Question

Use the Monotonicity Theorem to find where the given function is increasing and where it is decreasing. $$ g(x)=(x+1)(x-2) $$

Short answer

Increasing on \((\frac{1}{2}, \, \infty)\), decreasing on \((-\infty, \, \frac{1}{2})\).

Step-by-step solution

Expand and Simplify the Function

First, expand the given function \[ g(x) = (x+1)(x-2) \]by distributing the terms. This gives us:\[ g(x) = x(x-2) + 1(x-2) = x^2 - 2x + x - 2 = x^2 - x - 2 \] This is the quadratic function we will work with to find where it is increasing or decreasing.

Find the Derivative

To determine where the function is increasing or decreasing, we need to find its first derivative. The first derivative of \[ g(x) = x^2 - x - 2 \]is given by applying standard differentiation rules:\[ g'(x) = \frac{d}{dx}(x^2) - \frac{d}{dx}(x) - \frac{d}{dx}(2) = 2x - 1 \]

Find Critical Points

Critical points occur when the first derivative is equal to zero or undefined. We solve for \[ g'(x) = 0 \]which gives:\[ 2x - 1 = 0 \]Solving for \( x \), we get:\[ 2x = 1 \]\[ x = \frac{1}{2} \].This is our critical point.

Determine the Sign of the First Derivative

We use the critical point \( x = \frac{1}{2} \) to test intervals around it to see where the function is increasing or decreasing. The function will be increasing where the derivative is positive and decreasing where it is negative.- Test an interval less than \( \frac{1}{2} \), for example, \( x = 0 \): \[ g'(0) = 2(0) - 1 = -1 \] (negative, so the function is decreasing)- Test an interval greater than \( \frac{1}{2} \), for example, \( x = 1 \): \[ g'(1) = 2(1) - 1 = 1 \] (positive, so the function is increasing)

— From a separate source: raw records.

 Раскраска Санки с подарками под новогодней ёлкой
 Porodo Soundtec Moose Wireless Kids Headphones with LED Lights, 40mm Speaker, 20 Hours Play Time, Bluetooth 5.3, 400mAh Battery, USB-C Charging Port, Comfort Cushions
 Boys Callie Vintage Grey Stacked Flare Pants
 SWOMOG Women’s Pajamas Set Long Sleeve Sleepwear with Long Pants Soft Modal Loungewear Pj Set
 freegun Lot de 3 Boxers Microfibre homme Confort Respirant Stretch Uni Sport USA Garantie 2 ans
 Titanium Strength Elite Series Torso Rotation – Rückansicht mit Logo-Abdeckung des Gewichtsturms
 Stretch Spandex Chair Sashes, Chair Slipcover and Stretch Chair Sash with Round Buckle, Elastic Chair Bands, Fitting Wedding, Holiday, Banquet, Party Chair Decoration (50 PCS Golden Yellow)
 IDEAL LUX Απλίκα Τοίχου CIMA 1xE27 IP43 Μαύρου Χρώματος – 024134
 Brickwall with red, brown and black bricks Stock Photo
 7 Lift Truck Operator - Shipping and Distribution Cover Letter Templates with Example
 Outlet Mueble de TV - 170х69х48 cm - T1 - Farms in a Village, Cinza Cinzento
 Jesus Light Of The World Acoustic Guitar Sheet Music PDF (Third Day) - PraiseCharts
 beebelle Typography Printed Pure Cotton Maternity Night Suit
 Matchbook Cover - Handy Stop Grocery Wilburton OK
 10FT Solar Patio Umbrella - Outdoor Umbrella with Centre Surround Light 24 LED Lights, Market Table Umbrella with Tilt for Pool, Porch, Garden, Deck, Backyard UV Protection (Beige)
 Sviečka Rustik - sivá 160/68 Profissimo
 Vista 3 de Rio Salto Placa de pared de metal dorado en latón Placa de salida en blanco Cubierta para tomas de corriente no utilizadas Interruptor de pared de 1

State the Intervals of Increase and Decrease

Based on the derivative tests, summarize where the function is increasing and decreasing:- Increasing: \((\frac{1}{2}, \, \infty)\)- Decreasing: \((-\infty, \, \frac{1}{2})\)

Key concepts

Monotonicity Theorem

To understand when a function is increasing or decreasing, we can use the Monotonicity Theorem. This theorem helps us analyze the behavior of a function by examining its derivative. If a function's derivative is positive over an interval, that means the function is increasing on that interval. Conversely, if the derivative is negative, the function is decreasing.
This theorem is essential because it allows us to predict and understand the changes in the function's values without necessarily graphing it. By determining where the derivative changes its sign, we can easily identify intervals of increase and decrease. In practice, we often find critical points first and use them to segment the domain into intervals for analysis.

Critical Points

Critical points are essential in understanding where a function will change from increasing to decreasing, or vice versa. They occur at values of the domain where the derivative of the function is zero or undefined. When we solve for the critical points, as in the exercise, we set the first derivative equal to zero and solve for the variable.
For the function \[ g(x) = x^2 - x - 2 \]we found the first derivative to be \[ g'(x) = 2x - 1 \].Setting \[ g'(x) = 0 \]gives us the critical point \[ x = \frac{1}{2} \].This critical point divides the function's domain into parts where we can individually check for increasing or decreasing behavior. Critical points are key stepping stones for performing a detailed analysis of a function’s graph.

First Derivative Test

The First Derivative Test is a systematic way to determine whether a critical point is a local maximum, local minimum, or neither. This test involves checking the sign of the derivative before and after the critical point.
Given the derivative \[ g'(x) = 2x - 1 \],we tested points around the critical point \[ x = \frac{1}{2} \]:

• For a point like \[ x = 0 \], where \[ g'(0) = -1 \] (negative), it implies the function is decreasing.
• For a point like \[ x = 1 \], where \[ g'(1) = 1 \] (positive), it implies the function is increasing.

The result of this test for our example shows that the function transitions from decreasing to increasing at \[ x = \frac{1}{2} \].Therefore, in this context, \[ x = \frac{1}{2} \]is a relative minimum. This method provides a clear strategy to comprehend how a function behaves around its critical points.